Start of Block

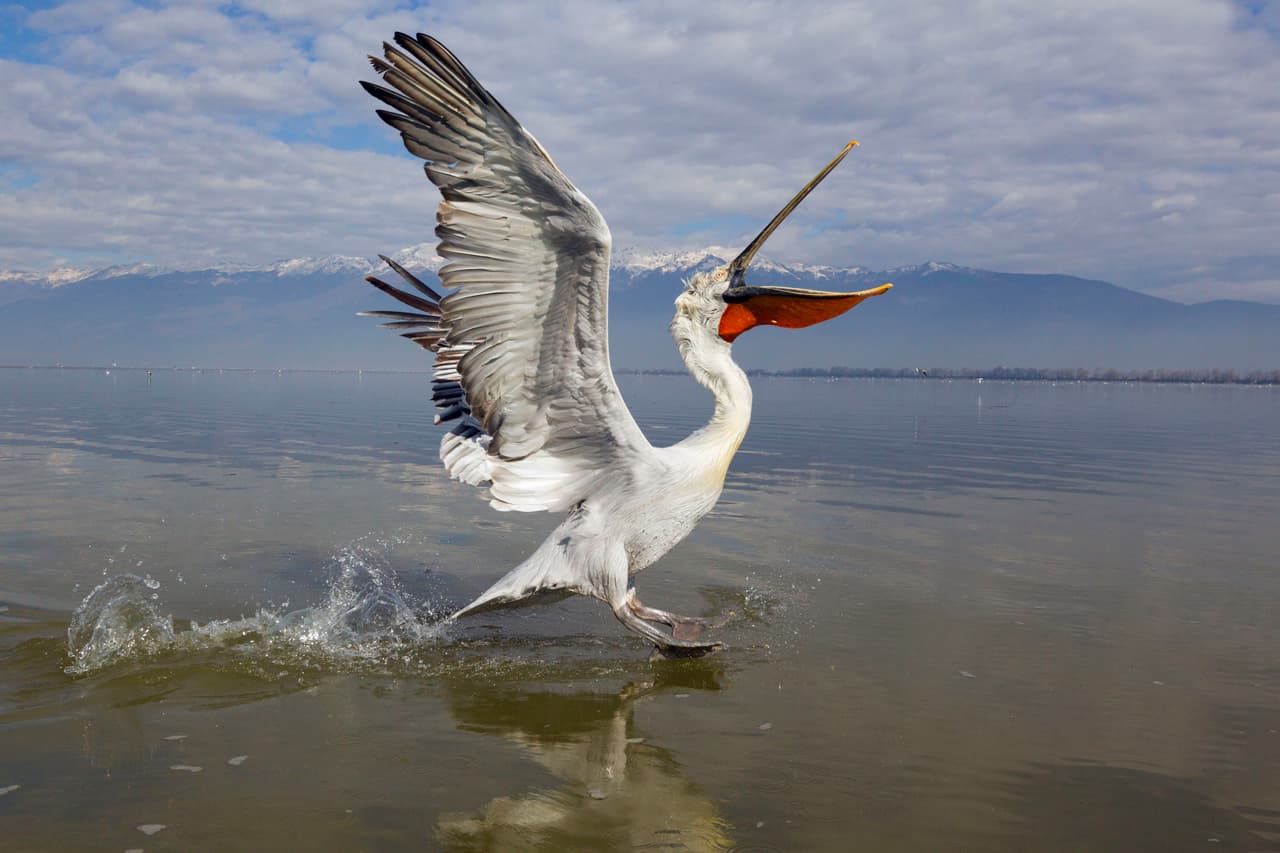 Quien hace los coros mientras el mundo animal canta es este pelícano, mientras chapotea cerca de su hogar.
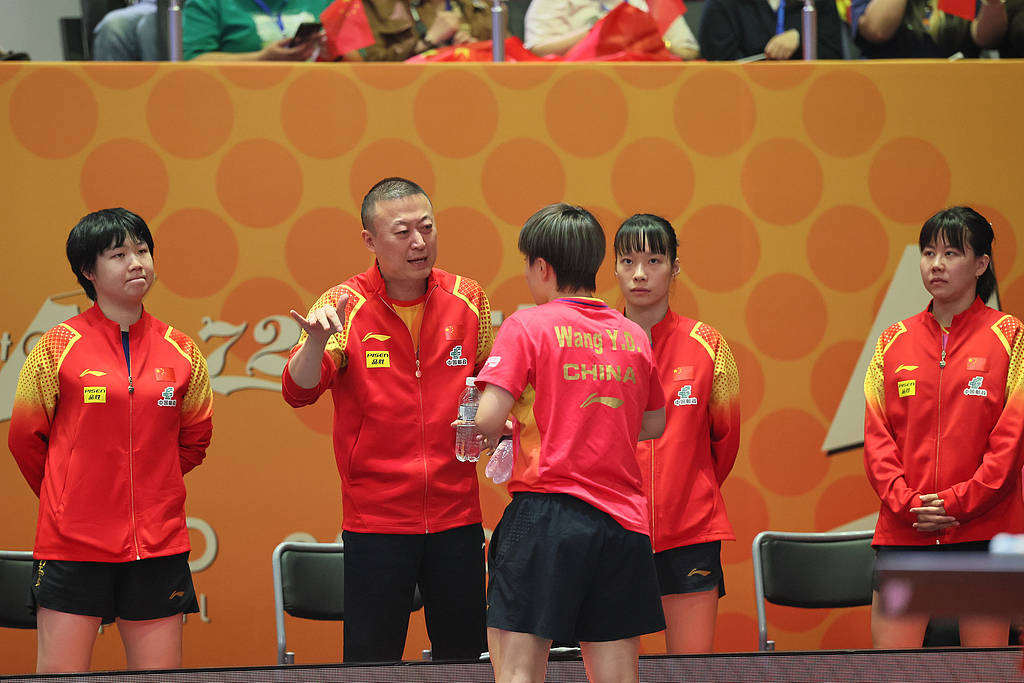 日本队力克中国队，马琳高光表现的简单介绍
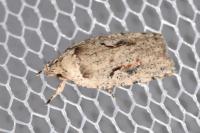 Agonopterix ocellana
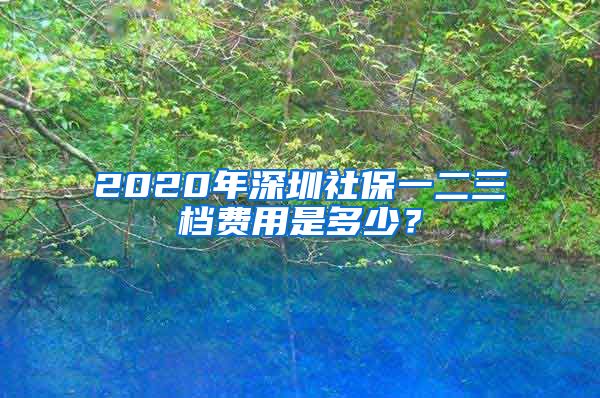 2020年深圳社保一二三档费用是多少？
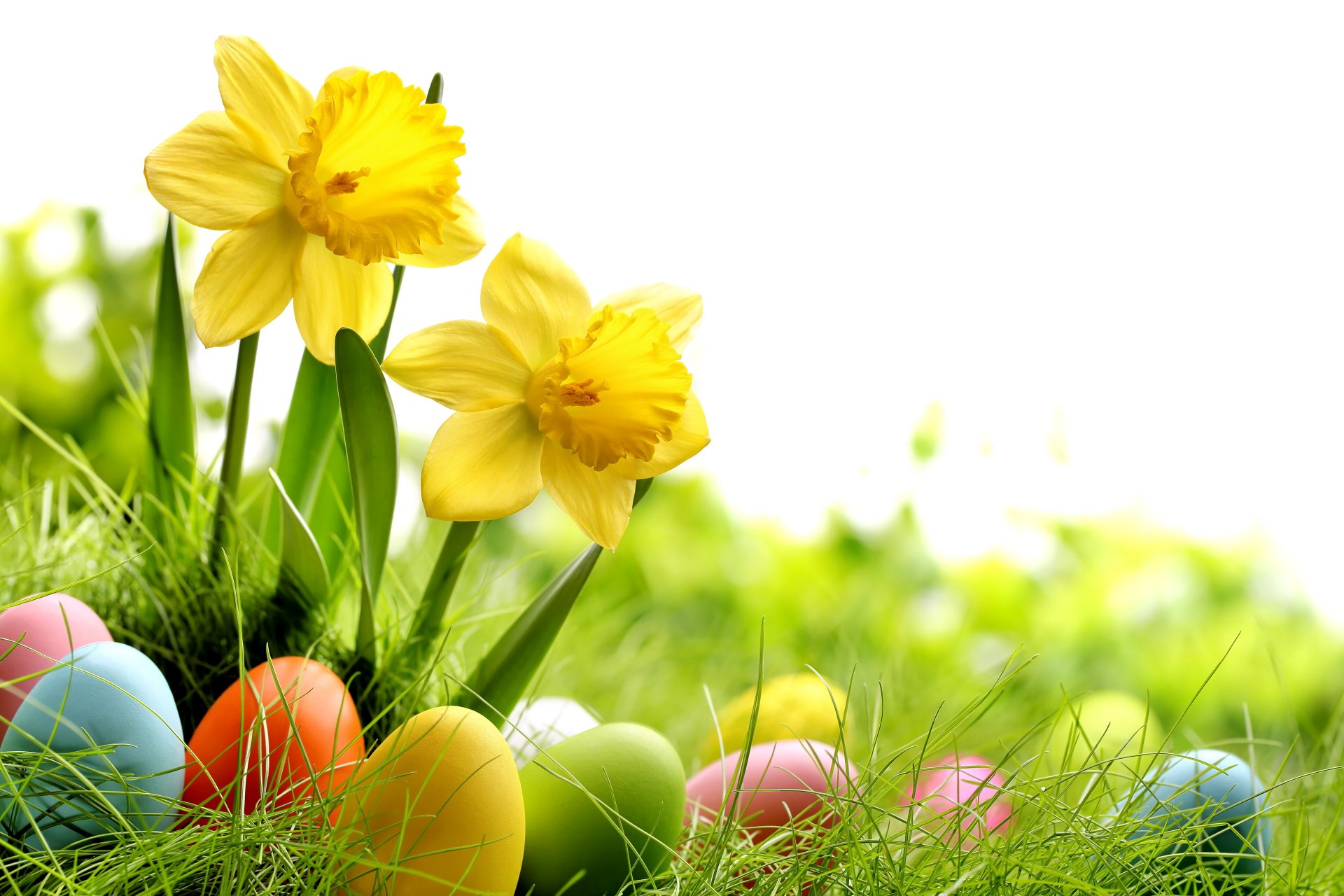 ostern frühling sonne wiese gras blumen eier narzissen frühling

End of Block

Each record above must be retyped exactly, minus its pictures.

 Quien hace los coros mientras el mundo animal canta es este pelícano, mientras chapotea cerca de su hogar.
 日本队力克中国队，马琳高光表现的简单介绍
 Agonopterix ocellana
 2020年深圳社保一二三档费用是多少？
 ostern frühling sonne wiese gras blumen eier narzissen frühling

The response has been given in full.